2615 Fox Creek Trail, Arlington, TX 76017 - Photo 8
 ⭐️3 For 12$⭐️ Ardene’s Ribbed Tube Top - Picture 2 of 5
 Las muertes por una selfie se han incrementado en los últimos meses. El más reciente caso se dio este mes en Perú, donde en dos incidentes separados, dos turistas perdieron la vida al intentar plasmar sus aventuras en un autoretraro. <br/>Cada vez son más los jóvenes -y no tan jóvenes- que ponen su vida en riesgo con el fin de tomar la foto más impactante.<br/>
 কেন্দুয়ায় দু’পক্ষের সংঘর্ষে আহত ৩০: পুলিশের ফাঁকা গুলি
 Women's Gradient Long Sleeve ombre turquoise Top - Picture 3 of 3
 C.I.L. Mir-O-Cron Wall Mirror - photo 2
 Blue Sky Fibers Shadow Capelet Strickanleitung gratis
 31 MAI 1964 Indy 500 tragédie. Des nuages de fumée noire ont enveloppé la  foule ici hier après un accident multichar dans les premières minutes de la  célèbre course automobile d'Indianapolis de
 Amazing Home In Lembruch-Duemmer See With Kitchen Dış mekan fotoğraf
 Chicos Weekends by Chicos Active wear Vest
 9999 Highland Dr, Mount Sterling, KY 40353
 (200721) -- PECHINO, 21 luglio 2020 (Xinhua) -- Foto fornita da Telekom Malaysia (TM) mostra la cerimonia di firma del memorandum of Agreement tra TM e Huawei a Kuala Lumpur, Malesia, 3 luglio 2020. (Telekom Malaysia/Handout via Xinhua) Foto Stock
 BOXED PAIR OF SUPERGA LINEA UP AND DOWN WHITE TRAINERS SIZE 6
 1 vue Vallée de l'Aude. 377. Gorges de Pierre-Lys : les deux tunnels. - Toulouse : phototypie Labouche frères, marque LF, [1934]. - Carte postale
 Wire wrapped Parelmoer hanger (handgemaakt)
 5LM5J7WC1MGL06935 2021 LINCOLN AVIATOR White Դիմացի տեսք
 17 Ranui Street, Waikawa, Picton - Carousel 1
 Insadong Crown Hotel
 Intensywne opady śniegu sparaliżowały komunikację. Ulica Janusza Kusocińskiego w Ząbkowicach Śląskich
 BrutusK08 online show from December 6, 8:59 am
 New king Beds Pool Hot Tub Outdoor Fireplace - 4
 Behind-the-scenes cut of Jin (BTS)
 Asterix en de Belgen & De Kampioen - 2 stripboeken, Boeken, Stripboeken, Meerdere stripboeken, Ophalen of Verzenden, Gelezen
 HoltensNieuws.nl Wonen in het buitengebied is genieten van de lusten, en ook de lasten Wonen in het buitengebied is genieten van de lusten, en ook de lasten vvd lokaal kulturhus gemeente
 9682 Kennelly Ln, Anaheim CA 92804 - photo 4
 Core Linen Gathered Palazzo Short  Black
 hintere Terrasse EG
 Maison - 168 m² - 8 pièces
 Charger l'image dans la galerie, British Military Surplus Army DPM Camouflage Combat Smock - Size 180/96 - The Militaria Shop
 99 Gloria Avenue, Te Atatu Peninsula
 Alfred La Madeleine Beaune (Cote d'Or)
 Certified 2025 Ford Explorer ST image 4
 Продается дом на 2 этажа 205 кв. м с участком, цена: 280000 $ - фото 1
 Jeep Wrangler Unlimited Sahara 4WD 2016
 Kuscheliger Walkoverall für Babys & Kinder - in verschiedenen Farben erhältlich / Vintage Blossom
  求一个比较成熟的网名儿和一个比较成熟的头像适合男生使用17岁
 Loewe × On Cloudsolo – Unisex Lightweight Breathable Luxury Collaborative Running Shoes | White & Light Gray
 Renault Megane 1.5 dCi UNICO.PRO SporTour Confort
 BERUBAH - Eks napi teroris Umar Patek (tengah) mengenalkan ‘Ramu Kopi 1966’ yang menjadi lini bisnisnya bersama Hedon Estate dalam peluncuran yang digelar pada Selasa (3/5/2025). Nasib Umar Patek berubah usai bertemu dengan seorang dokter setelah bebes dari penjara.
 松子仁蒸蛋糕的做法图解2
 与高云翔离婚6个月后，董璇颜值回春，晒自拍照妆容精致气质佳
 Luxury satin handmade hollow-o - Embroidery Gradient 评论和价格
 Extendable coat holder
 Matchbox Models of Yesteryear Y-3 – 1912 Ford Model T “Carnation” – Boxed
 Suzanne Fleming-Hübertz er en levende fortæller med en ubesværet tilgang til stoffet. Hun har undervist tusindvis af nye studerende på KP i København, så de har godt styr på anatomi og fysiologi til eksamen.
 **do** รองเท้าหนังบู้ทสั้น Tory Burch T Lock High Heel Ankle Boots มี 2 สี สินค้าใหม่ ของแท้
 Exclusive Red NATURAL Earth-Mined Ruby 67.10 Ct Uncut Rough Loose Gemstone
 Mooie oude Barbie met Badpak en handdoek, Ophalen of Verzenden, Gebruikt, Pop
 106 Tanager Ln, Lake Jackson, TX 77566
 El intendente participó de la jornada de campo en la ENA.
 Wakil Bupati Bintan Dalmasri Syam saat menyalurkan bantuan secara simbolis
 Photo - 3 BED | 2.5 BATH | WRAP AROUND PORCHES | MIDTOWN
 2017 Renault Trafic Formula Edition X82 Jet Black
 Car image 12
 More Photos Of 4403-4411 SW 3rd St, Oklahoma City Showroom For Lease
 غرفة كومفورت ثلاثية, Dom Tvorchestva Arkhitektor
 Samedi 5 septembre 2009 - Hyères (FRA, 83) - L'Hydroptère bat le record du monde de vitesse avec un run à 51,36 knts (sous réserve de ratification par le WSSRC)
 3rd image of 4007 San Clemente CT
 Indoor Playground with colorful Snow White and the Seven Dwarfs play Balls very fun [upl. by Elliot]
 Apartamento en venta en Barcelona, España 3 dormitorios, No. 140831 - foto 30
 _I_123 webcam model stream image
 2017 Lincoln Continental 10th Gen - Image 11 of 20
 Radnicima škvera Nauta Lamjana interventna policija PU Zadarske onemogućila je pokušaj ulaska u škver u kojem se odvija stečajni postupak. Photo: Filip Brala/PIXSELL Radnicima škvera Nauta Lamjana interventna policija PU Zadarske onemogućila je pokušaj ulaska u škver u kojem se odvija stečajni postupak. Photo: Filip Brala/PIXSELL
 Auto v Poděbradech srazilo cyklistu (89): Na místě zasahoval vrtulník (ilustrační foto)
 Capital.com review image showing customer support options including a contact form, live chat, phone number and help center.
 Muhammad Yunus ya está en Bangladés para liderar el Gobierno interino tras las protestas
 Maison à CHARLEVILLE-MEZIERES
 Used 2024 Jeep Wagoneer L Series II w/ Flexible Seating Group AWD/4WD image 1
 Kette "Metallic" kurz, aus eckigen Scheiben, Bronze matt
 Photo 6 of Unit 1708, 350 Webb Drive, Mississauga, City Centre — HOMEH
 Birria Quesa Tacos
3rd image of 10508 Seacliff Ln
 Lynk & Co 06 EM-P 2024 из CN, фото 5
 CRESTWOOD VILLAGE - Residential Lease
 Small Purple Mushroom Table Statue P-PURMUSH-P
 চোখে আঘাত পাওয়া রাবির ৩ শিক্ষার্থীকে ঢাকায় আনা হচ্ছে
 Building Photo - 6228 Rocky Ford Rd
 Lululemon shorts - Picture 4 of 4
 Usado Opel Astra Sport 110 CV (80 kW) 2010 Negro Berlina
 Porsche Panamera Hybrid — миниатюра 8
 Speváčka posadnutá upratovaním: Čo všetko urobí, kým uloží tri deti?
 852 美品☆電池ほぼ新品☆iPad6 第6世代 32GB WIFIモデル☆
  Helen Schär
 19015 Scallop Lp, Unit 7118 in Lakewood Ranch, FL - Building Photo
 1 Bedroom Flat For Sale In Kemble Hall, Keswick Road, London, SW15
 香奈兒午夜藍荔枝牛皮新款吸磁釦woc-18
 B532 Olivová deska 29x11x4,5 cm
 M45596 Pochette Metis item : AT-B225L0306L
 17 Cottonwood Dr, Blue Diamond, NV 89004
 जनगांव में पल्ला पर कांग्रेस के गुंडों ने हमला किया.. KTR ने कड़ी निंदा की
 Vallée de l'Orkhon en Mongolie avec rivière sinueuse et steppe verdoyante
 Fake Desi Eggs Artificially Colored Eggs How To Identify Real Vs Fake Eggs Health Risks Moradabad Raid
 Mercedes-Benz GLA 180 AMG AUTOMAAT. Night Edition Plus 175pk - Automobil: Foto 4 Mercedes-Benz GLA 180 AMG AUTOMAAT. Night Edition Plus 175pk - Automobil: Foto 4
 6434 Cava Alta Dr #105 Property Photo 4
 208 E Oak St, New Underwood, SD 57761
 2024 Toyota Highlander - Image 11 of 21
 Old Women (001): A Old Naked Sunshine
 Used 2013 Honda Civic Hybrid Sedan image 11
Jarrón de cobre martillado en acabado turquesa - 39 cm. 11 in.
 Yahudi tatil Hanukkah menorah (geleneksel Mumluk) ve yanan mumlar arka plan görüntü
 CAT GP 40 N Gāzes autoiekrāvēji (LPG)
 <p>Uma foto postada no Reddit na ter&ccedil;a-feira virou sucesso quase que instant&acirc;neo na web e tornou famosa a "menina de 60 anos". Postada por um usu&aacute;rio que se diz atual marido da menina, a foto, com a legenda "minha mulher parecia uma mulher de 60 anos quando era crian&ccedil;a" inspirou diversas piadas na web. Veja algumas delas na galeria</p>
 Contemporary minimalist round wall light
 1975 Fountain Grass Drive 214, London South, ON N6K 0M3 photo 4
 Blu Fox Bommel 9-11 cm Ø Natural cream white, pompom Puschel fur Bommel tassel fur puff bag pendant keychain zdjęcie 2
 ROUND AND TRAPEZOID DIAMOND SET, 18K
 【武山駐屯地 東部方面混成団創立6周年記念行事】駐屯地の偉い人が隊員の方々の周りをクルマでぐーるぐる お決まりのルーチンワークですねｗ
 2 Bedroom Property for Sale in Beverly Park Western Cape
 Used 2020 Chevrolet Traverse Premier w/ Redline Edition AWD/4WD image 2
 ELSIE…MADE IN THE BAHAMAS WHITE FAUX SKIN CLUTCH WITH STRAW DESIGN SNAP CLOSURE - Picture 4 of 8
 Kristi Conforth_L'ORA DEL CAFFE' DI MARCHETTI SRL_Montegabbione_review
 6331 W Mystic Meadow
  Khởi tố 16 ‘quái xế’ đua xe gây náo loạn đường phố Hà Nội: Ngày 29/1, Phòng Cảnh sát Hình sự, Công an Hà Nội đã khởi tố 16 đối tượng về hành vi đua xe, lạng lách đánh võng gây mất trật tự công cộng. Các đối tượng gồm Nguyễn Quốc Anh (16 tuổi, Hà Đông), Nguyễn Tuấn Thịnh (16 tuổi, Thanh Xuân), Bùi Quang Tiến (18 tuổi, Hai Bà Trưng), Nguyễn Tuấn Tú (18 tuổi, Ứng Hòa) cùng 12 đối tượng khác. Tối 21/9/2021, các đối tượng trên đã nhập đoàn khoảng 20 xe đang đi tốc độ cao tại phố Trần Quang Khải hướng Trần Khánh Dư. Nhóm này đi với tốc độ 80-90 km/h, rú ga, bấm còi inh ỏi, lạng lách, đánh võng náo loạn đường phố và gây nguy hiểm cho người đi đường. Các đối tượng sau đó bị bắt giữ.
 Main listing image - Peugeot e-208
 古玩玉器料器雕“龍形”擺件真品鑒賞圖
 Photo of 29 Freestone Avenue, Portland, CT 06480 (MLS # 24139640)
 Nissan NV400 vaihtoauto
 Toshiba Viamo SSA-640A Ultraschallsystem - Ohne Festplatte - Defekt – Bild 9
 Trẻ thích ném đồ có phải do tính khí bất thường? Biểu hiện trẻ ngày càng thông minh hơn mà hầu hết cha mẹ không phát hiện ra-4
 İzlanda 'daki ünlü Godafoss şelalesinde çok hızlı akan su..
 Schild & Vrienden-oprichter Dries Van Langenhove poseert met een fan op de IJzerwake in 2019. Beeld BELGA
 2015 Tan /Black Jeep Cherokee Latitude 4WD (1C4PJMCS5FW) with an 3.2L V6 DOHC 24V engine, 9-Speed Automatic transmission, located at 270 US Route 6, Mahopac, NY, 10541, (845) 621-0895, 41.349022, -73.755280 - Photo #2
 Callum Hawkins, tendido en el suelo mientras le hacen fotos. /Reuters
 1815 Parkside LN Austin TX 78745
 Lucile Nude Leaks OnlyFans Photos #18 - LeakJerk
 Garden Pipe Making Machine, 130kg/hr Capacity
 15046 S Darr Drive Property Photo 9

:::

What you need to do: Copy, please, every line from the start of the entries down to the line that holds "Blue Sky Fibers", with both of those lines included and no others.

Worked solution:
2615 Fox Creek Trail, Arlington, TX 76017 - Photo 8
 ⭐️3 For 12$⭐️ Ardene’s Ribbed Tube Top - Picture 2 of 5
 Las muertes por una selfie se han incrementado en los últimos meses. El más reciente caso se dio este mes en Perú, donde en dos incidentes separados, dos turistas perdieron la vida al intentar plasmar sus aventuras en un autoretraro. <br/>Cada vez son más los jóvenes -y no tan jóvenes- que ponen su vida en riesgo con el fin de tomar la foto más impactante.<br/>
 কেন্দুয়ায় দু’পক্ষের সংঘর্ষে আহত ৩০: পুলিশের ফাঁকা গুলি
 Women's Gradient Long Sleeve ombre turquoise Top - Picture 3 of 3
 C.I.L. Mir-O-Cron Wall Mirror - photo 2
 Blue Sky Fibers Shadow Capelet Strickanleitung gratis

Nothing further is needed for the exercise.